# Crime Data Analysis

Crime statistics are crucial in helping law enforcement and public safety agencies better understand crime patterns and develop preventive measures. This project aims to analyze crime data to uncover trends, identify hotspots, and provide actionable insights that can aid in reducing crime rates.

In [None]:
# Install Folium package to visualize maps
pip install folium

In [None]:
# Import Pandas and Pymysql modules
import pandas as pd
import pymysql
import matplotlib.pyplot as plt
import seaborn as sns
import folium

In [None]:
# Load the crime_data.csv to Pandas DataFrame
df = pd.read_csv(r"C:\Users\Hari\OneDrive - Wiley\Desktop\MyDesktop_14102024\Desktop\Data Science Bootcamp\Mini_Capstone_Project\Dataset\crime_data.csv")


In [None]:
# Replace the NaN values with None
df = df.where(df.notnull(), None)

In [None]:
# Establish a database connection
connection = pymysql.connect(host='localhost',
                             user='root',
                             password='Virat200599#',
                             database='crime_data_db')

In [None]:
# Create a cursor object
cursor = connection.cursor()

# Create a crime data table

In [None]:
# Create crime_data Table in crime_data_db database
query = '''create table crime_data(
          dr_no int,
          date_reported DATE,
          date_occurred DATE,
          area_name varchar(100),
          crime_code int,
          crime_code_description varchar(255),
          victim_age int,
          victim_sex varchar(10),
          premise_description varchar(255),
          status varchar(100),
          location varchar(100),
          lat double,
          lon double);'''

cursor.execute(query)

# Insert values to the crime_data table using pymysql
for index, row in df.iterrows():
    query = r'''insert into crime_data(dr_no, date_reported, date_occurred, area_name, crime_code, crime_code_description,
    victim_age, victim_sex, premise_description, status, location, lat, lon)
    values(%s,str_to_date(%s, '%%d-%%m-%%Y'),str_to_date(%s, '%%d-%%m-%%Y'),%s,%s,%s,%s,%s,%s,%s,%s,%s,%s);'''
    cursor.execute(query, tuple(row))

# Save changes in Database
connection.commit()

# Crime Data Exploratory Analysis

In [None]:
# Query to fetch total record count
cursor.execute('select count(*) from crime_data;')
total_records = cursor.fetchone()[0]

# Query to fetch unique crime_code records
cursor.execute('select count(distinct crime_code) from crime_data;')
unique_crime_codes_count = cursor.fetchone()[0]

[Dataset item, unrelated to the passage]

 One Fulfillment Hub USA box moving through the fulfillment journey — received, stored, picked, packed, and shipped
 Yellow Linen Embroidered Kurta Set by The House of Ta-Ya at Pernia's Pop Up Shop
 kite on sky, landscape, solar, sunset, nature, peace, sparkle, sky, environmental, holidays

# Print the total_records and unique_crime_codes_count
print(f'Total records: {total_records}')
print(f'Unique Crime codes: {unique_crime_codes_count}')

In [None]:
# Query to fetch unique crime_code and their descriptions
cursor.execute('select distinct crime_code, crime_code_description from crime_data order by crime_code;')
unique_crime_codes_descriptions = cursor.fetchall()

# Print the unique crime_codes and their descriptions
print('Unique crime codes and their descriptions')
for crime_code, description in unique_crime_codes_descriptions:
    print(crime_code, description)

# Temporal Analysis

In [None]:
# Convert the string data to date with specified format
df['DATE_OCC'] = pd.to_datetime(df['DATE_OCC'], format='%d-%m-%Y')

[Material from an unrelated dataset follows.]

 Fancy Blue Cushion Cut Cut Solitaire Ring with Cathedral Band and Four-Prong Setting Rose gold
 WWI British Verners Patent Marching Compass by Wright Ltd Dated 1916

# Group the data on Month of the Crime_occurred_date to analyze trends over time
res = df.groupby(df['DATE_OCC'].dt.to_period('M')).size()

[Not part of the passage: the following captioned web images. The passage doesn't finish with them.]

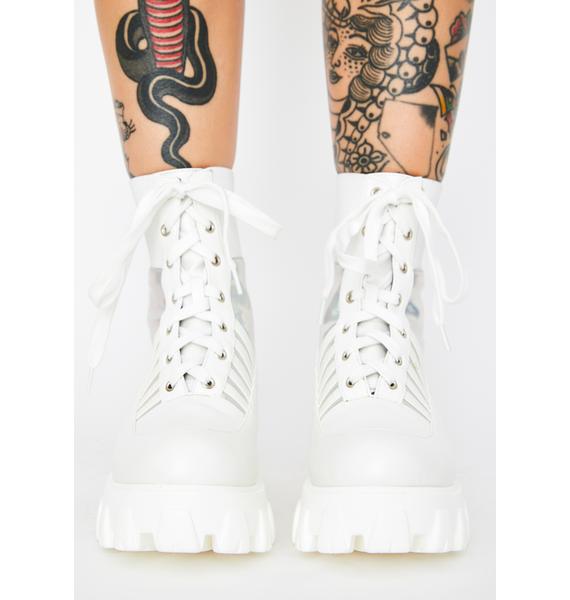 white platform military boots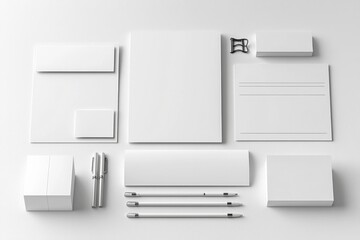 Realistic blank stationery set mockup isolated created with generative ai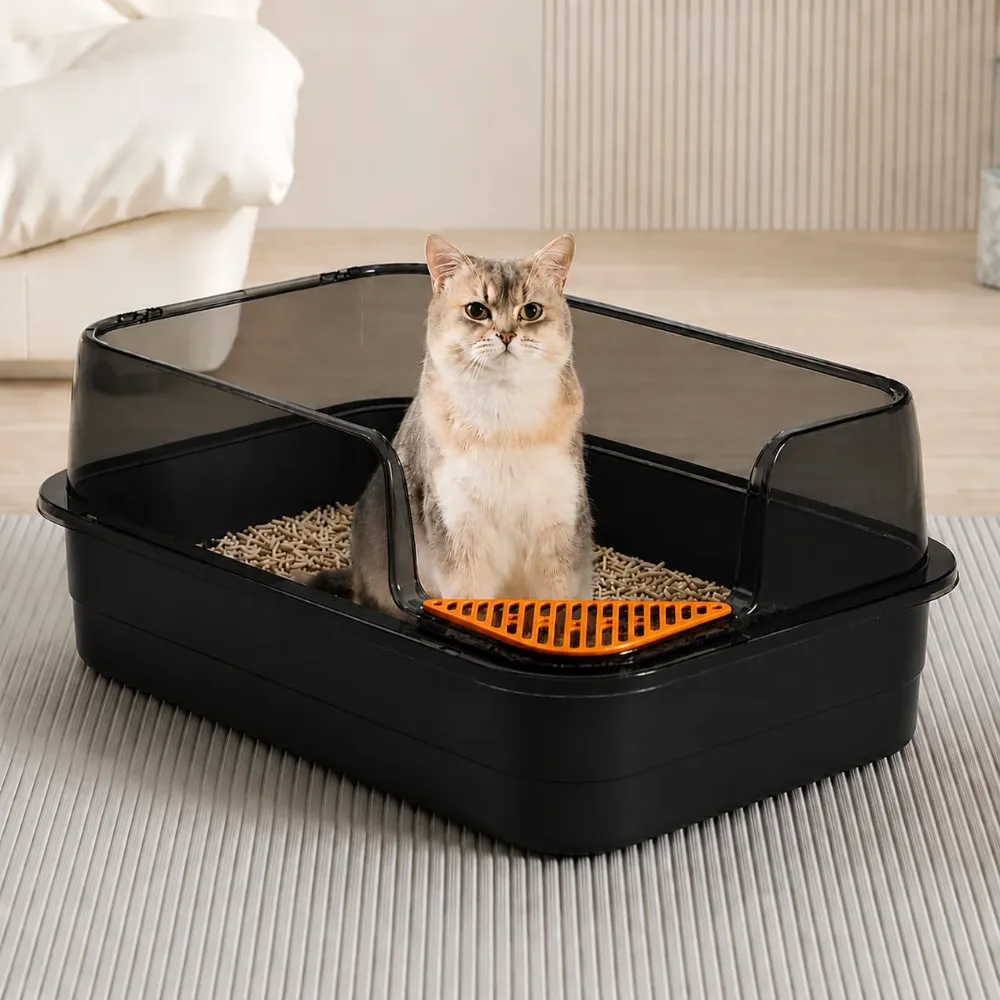 Corner Cut Extra Large Semi-Enclosed Litter Box for Cats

# Plot Line graph to analyze the trend over time
res.plot(kind='line', marker='o', label='Monthly values')
plt.title('Crime Trends Over Time')
plt.xlabel('Period in Month')
plt.ylabel('Number of Crimes')
plt.legend(labelcolor='red')
plt.show()

# Spatial Analysis

In [None]:
# Create a map centered around an average location
crime_map = folium.Map(location=[df['LAT'].mean(), df['LON'].mean()], zoom_start=12)

# Add points to the map
for _, row in df.iterrows():
    folium.CircleMarker([row['LAT'], row['LON']],
                        radius=2,
                        color='red').add_to(crime_map)

In [None]:
# Display the Crime Hotspot map
crime_map

# Victim Demographics Analysis

In [None]:
# Distribution of Victim Ages

sns.histplot(x=df['Vict_Age'].dropna(), bins=25)
plt.xlabel('Age')
plt.ylabel('Count')
plt.title('Distribution of Victim Ages')
plt.show()

In [None]:
# Group the data on Victim Sex 

grouped_data = df.groupby(by='Vict_Sex').size().sort_values(ascending=False)
grouped_data.index = ['Male', 'Female', 'Others']

In [None]:
# Crime Rates by  Victim Gender

sns.countplot(x=df['Vict_Sex'], palette='Set1')
plt.title('Crime Rates by  Victim')
plt.xlabel('Victim Sex')
plt.ylabel('Number of Victims')
plt.show()

In [None]:
# Difference in crime rates between Various genders

plt.pie(x=grouped_data, autopct='%1.1f%%', labels=grouped_data.index)
plt.title('Difference in crime rates between Various genders')
plt.show()

In [None]:
# Location with most crimes reported
location_counts = df.groupby(by='Location').size().sort_values(ascending=False).head(1)
print(location_counts)

In [None]:
# Crimes based on Premise location

grouped_data = df.groupby(by='Premis_Desc').size().sort_values(ascending=False)
grouped_data = grouped_data[grouped_data>1].head(5)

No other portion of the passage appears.